Luck was on the side of the Allies as the mobile bridge deployment went unnoticed by the Axis defenders preoccupied by probing attacks conducted by the Allies at the front and left of the line. Rallying the large number of respawned players, he had been holding in reserve, Tatsukao executed a human wave attack across the newly deployed bridge. The aggressive fire and movement of the Allied players, approaching from an unexpected direction, circumvented Von Bull's layered defensive plan. The rapid Allied advance threw the surprised Axis defenders into complete disarray allowing the Allies to overrun the museum, remove the artifacts, control the Axis insertion point and win the game moments before the complete collapse of the Allied left flank.

With numerous momentum shifts, airborne drops behind enemy lines and individual skirmishes apart from the main fight on the front, Banshee Paintball's - Warriors in the Woods V: Operation Rhino had something for every player regardless of experience or ability. When the smoke cleared and the final horn sounded, Allied forces won the day but everyone had stories of personal heroics to share while enjoying free hamburgers provided by one of the event's main sponsors, Pete 'the Meat' Disbrowe owner of M&M Meats in Dartmouth, Nova Scotia.

Operation Rhino marks the second year in a row that the Allies have pulled a last minute victory away from the Axis.
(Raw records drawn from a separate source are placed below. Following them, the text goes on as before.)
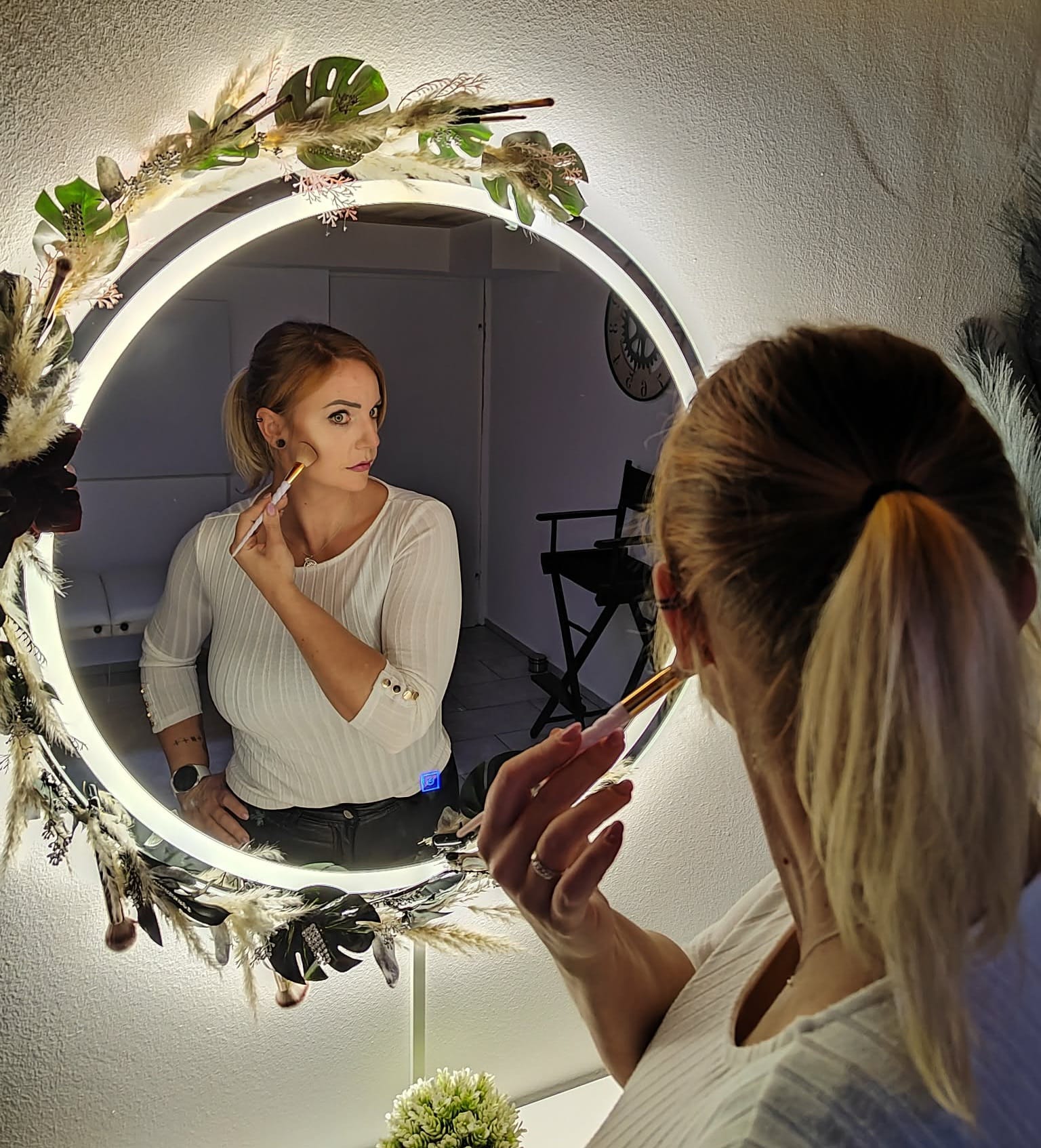 Profesionalno ličenje stranke pred osvetljenim ogledalom v salonu Balance & Beauty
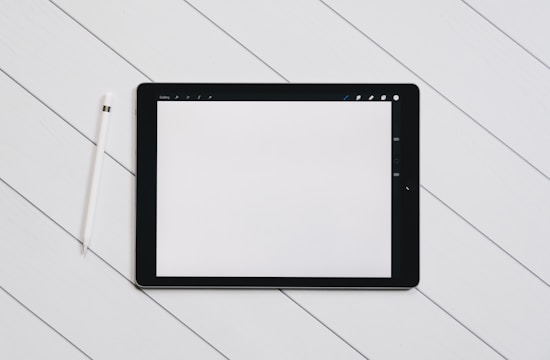 A digital tablet with a blank white screen sits on a light wooden surface. To the left of the tablet, there is a white stylus placed parallel to it. The setting is simple and minimalistic, emphasizing the technology and design.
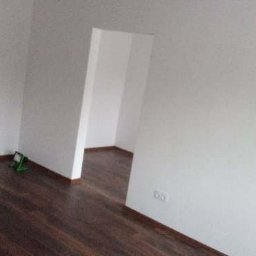 Patryk Tchórz - Pomalowane na biało wnętrze pokoju z ciemną podłogą, widoczne gniazdko elektryczne i zielony poziomica laserowa przy ścianie.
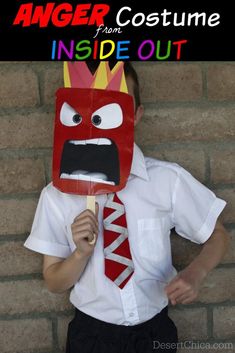 a young boy wearing a red mask and tie with the words anger costume inside out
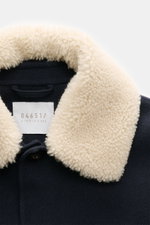 Close-up front view of the 04651/ A trip in a bag Jacket 'Double Blouson' navy showing the soft wool blend fabric and plush lambskin trim on the turn-down collar, featuring a four-button placket and label inside. Eyecatcher for the transitional season: Th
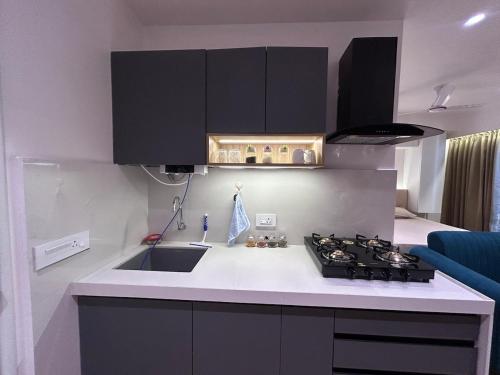 a kitchen with a sink and a stove top oven at The Tira luxe in Pune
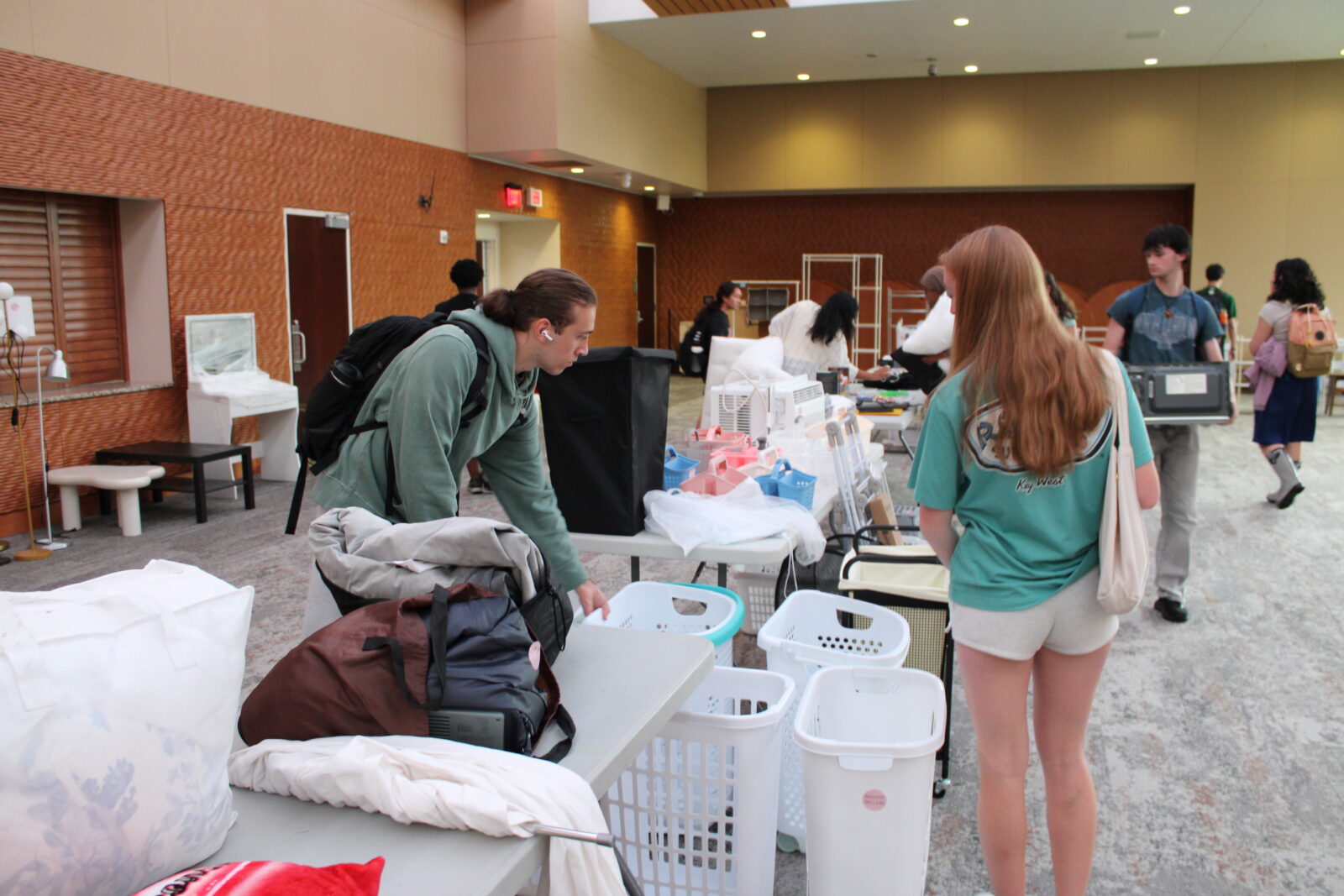 Students stop to look at available laundry baskets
Axis General Von Bull has vowed that "This minor set back is temporary. Revenge will be sweet when my forces crush the Allies once and for all." Allied General Tatsukao, who never doubted his players will to win, was confident from the start that his plans would come to fruition, "VonBull put up the kind of fight I'd expect from a man with nothing to loose. Knowing his last days on earth are nigh." Bombastic rhetoric aside, both Generals and every scenario player in Eastern Canada look forward to an Axis vs. Allies rematch, and eagerly await the new scenario Fisher, Washtock and the Banshee Paintball crew and come up with for - Warriors in the Woods VI to be held spring 2008.